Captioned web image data
○ ○ ○ ○ ○ ○ ○

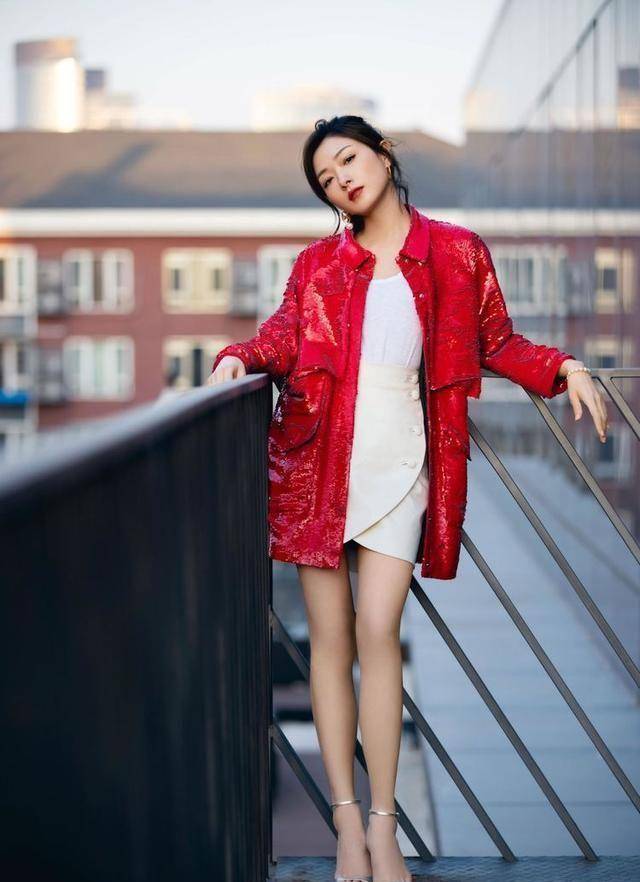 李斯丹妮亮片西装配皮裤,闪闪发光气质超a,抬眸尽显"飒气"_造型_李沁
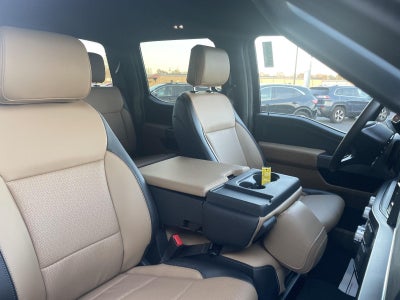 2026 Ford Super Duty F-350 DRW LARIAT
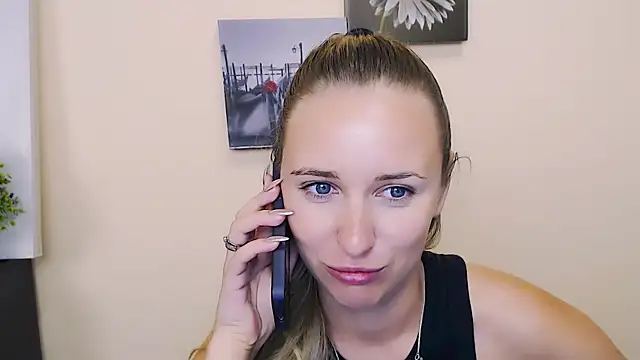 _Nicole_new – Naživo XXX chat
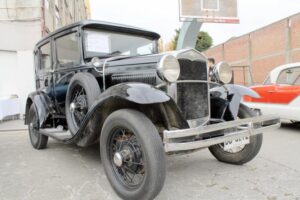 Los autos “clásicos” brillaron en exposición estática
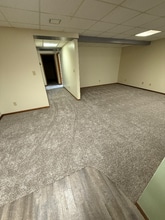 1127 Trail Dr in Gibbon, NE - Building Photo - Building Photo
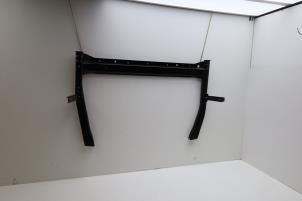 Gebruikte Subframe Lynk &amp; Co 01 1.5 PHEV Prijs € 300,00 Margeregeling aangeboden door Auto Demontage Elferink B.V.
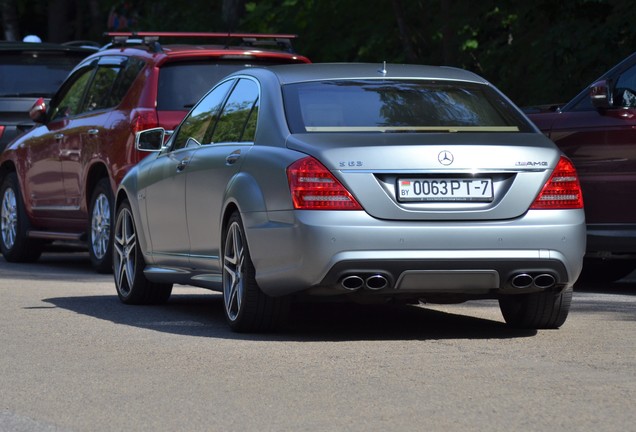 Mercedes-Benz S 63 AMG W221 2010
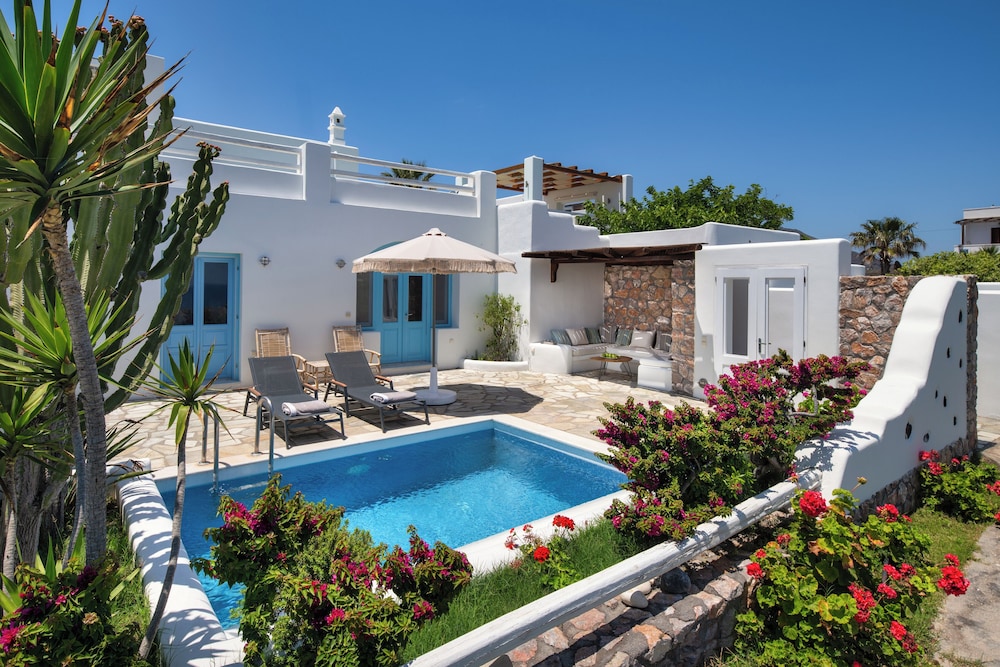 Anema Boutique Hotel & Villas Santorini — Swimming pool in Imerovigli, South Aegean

○ ○ ○ ○ ○ ○ ○

Work instruction ▸ Look above for the line with "2026 Ford Super Duty F-350 DRW LARIAT" and the line with "1127 Trail Dr"; set down those two lines and all lines between them exactly, without pictures and without anything else.

Solution to the problem ▸
 2026 Ford Super Duty F-350 DRW LARIAT
 _Nicole_new – Naživo XXX chat
 Los autos “clásicos” brillaron en exposición estática
 1127 Trail Dr in Gibbon, NE - Building Photo - Building Photo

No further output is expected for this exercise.